Brooks' best time was 0-60mph in *3.596s
*
It did take a few attempts to get that fast - the battery probably needed to be warmed up a little, and the non-performance models don't have an option to pre-warm the battery for an acceleration run.

He also tested the new "Chill mode": 0-60mph in 7.2s. I want to have that be the default for valet mode.


----------



## SoFlaModel3

I don’t expect to ever use chill mode in my Model 3, but I do like to see they routinely sandbag the numbers!!


----------



## danzgator

garsh said:


> Brooks from Drag Times got his hands on a loaner 100D and ran some acceleration tests. Tesla's sandbagging the numbers again - I believe they say 0-60mph in 4.1s.
> 
> Brooks' best time was 0-60mph in *3.596s
> *
> It did take a few attempts to get that fast - the battery probably needed to be warmed up a little, and the non-performance models don't have an option to pre-warm the battery for an acceleration run.
> 
> He also tested the new "Chill mode": 0-60mph in 7.2s. I want to have that be the default for valet mode.

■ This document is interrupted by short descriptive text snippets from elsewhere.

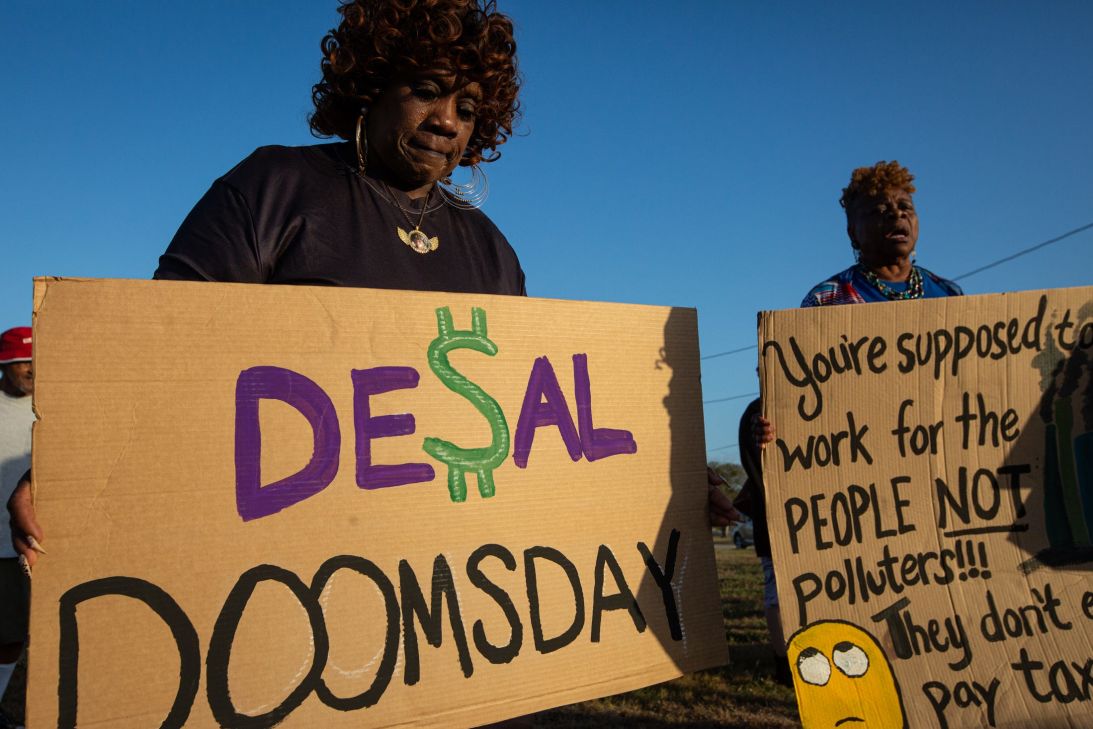From left, Debra Ramirez and Lois Malvo demonstrate against the proposed Inner Harbor desalination plant in Corpus Christi in 2024.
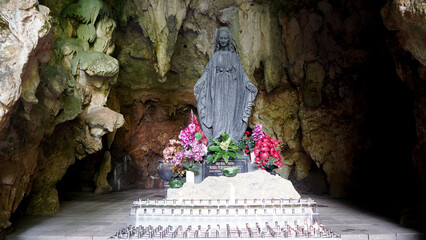 Black statue of the Virgin Mary in the grotto of Tritis attracts many pilgrims. Smiling face of...
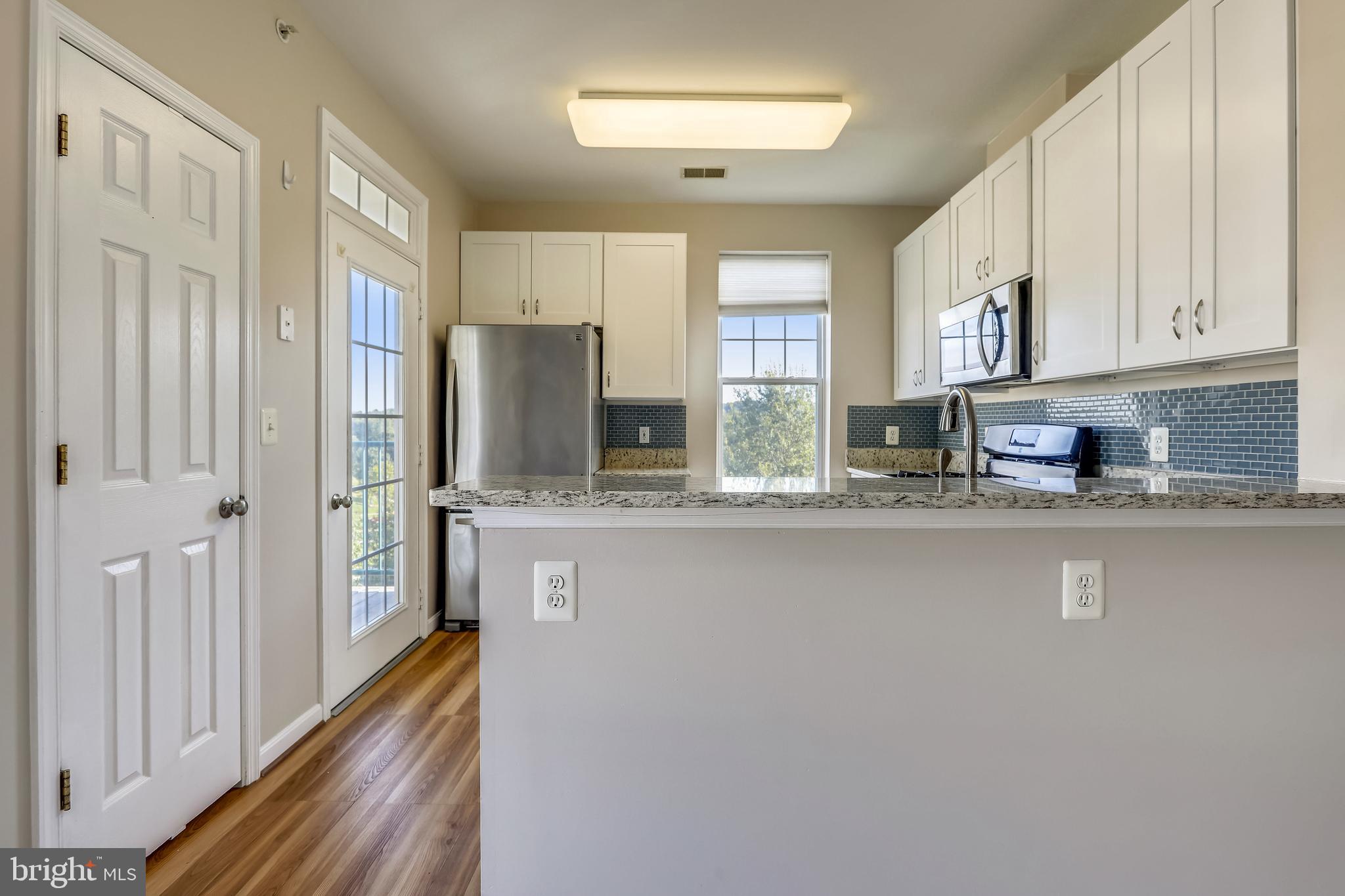 120 Chevy Chase Street, Unit 405 Gaithersburg, MD 20878 - Photo 7 of 34 Kitchen has all New Cabinets & Open to Living Room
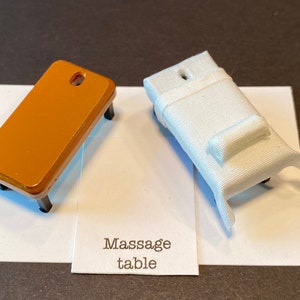 Puede incluir: Dos mesas de masaje en miniatura, una marrón y otra blanca, con el texto "Massage table" en una tarjeta blanca.
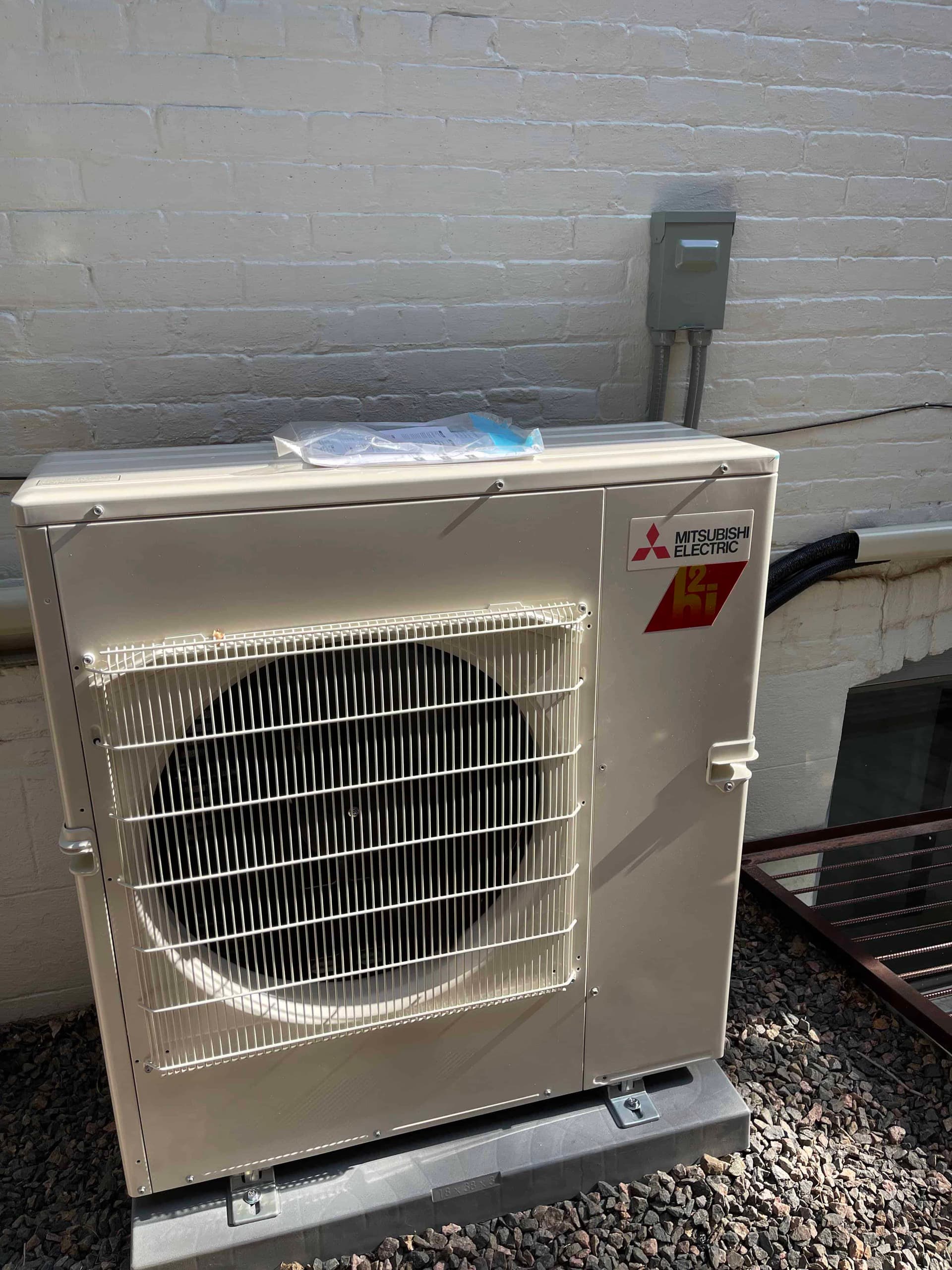 Mitsubishi heat pump outdoor unit on concrete pad beside brick wall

It sure would be nice to get an update a few months into owning the Model 3 saying it was even faster!


----------



## SSonnentag

I took delivery of my S100D on Monday. I enjoy acceleration, but the 100D is ridiculously quick. Full "throttle" is downright uncomfortable. Why anyone would pay the premium for the performance model for a daily driver is beyond me. I will be using "chill" mode when my wife is with me just to prevent myself from giving her accidental whiplash.


----------



## Watts4me

I just test drove a S100D this past weekend. That thing is fast! I would love to feel what the P100D can do


----------



## Michael Russo

Watts4me said:


> I just test drove a S100D this past weekend. That thing is fast! I would love to feel what the P100D can do


Same as the 100D with a big of extra P...epps!!


----------



## Watts4me

Michael Russo said:


> Same as the 100D with a big of extra P...epps!!


That 1 second of extra P...epps is what I want to experience. :sunglasses:


----------



## Brokedoc

Among Teslas, I've driven my X75D (6.0s), my uncorked X75D (?4.9s), loaner SP85D (3.1s) and loaner XP90D (3.2s)

The 1 second difference after getting uncorked is VERY noticeable and I'm EXTREMELY happy with the current amount of acceleration for this 5000 pound vehicle.

The SP85D and XP90D were ridiculously fast and only usable on straight acceleration. I can definitely see some inexperienced driver trying to accelerate on a turn and losing control.

I can't imagine the 1.9s acceleration of Roadster2.0 - it must be uncomfortably fast and could border on being unhealthy. Just as jet fighter pilots and astronauts are taught special maneuvers to maintain blood flow to their brains, I suspect that the 1.9s acceleration level could also be bad for your health (especially those with uncontrolled high blood pressure)


----------